To realise--when peace is broken--the practical
conditions of war demands an effort of which the unfettered
intelligence alone seems capable. The great majority of successful
leaders in war on both elements have not been considerably, or
at all, superior in intellectual acuteness to numbers of their
fellows; but they have had strength of character, and their minds
were not squeezed in a mould into a commonplace and uniform pattern.
The 'canker of a long peace,' during recent years at any rate,
is not manifested in disuse of arms, but in mistaken methods.
For a quarter of a century the civilised world has tended more
and more to become a drill-ground, but the spirit dominating
it has been that of the pedant. There has been more exercise
and less reality. The training, especially of officers, becomes
increasingly scholastic. This, and the deterioration consequent
on it, are not merely modern phenomena. They appear in all ages.

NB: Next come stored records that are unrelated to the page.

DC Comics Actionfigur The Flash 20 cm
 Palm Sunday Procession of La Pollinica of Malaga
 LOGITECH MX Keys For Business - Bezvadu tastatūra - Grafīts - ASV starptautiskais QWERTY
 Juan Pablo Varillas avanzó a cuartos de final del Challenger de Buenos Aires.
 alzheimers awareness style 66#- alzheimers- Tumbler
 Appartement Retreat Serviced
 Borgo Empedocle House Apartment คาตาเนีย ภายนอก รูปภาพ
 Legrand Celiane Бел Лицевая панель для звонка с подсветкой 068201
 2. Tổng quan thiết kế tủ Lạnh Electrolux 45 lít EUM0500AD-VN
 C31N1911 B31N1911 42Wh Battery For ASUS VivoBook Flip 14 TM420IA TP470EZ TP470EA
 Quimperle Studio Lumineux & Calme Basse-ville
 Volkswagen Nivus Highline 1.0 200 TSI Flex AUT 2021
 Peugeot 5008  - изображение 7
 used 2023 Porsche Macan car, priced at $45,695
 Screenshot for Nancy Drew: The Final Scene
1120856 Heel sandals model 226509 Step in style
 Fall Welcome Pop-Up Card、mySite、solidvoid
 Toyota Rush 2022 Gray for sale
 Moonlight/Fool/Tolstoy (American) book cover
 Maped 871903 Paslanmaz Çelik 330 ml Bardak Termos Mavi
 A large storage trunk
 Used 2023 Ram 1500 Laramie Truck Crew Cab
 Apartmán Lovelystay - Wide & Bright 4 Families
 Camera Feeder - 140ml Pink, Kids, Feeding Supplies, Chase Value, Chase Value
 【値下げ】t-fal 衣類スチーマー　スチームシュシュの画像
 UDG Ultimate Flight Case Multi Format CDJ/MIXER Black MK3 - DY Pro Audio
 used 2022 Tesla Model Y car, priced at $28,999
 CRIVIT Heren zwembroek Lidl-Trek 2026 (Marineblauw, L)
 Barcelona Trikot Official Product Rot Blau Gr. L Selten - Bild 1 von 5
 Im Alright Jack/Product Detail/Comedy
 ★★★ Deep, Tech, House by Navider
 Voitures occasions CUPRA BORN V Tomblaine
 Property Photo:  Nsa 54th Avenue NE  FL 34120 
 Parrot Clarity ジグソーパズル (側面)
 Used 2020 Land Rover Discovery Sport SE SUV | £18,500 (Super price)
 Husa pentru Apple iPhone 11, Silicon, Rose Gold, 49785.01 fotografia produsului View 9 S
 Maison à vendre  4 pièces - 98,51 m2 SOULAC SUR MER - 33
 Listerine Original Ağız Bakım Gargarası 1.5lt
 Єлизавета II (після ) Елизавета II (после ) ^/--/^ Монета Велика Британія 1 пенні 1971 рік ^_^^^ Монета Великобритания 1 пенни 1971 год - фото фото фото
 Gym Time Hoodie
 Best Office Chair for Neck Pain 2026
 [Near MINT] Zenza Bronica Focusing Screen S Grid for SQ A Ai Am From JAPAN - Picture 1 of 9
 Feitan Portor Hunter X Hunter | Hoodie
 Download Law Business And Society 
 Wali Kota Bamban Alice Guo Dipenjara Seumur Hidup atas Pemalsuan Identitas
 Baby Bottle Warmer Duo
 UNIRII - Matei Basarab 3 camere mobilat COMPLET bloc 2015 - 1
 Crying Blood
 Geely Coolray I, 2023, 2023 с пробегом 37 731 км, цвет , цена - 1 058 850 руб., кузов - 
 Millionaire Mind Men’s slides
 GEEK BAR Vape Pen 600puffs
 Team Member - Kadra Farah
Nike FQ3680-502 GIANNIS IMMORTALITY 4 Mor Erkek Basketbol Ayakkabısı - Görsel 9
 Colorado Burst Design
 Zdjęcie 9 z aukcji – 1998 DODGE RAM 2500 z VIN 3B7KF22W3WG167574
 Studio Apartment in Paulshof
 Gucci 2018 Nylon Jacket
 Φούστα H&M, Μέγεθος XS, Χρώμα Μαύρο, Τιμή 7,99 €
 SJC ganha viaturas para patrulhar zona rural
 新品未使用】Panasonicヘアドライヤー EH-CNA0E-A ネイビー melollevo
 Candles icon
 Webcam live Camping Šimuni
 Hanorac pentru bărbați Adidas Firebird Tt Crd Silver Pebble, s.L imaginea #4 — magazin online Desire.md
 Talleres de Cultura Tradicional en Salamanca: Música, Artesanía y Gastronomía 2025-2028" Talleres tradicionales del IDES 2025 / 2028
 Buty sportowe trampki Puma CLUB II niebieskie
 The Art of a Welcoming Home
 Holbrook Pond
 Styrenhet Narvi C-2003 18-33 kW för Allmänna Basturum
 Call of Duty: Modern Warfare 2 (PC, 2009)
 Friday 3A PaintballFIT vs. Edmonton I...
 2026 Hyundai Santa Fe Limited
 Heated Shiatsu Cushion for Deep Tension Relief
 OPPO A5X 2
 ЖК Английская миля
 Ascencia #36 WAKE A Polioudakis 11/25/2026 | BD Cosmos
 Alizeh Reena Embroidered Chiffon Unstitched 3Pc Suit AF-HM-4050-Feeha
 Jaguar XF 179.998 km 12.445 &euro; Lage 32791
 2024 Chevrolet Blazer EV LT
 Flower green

'The Sword of the Saracens,' says Gibbon, 'became less formidable
when their youth was drawn from the camp to the college.' The
essence of pedantry is want of originality. It is nourished on
imitation. For the pedant to imitate is enough of itself; to
him the suitability of the model is immaterial. Thus military
bodies have been ruined by mimicry of foreign arrangements quite
inapplicable to the conditions of the mimics' country. More than
twenty years ago Sir Henry Maine, speaking of the war of American
Independence, said, 'Next to their stubborn valour, the chief
secret of the colonists' success was the incapacity of the English
generals, trained in the stiff Prussian system soon to perish
at Jena, to adapt themselves to new conditions of warfare.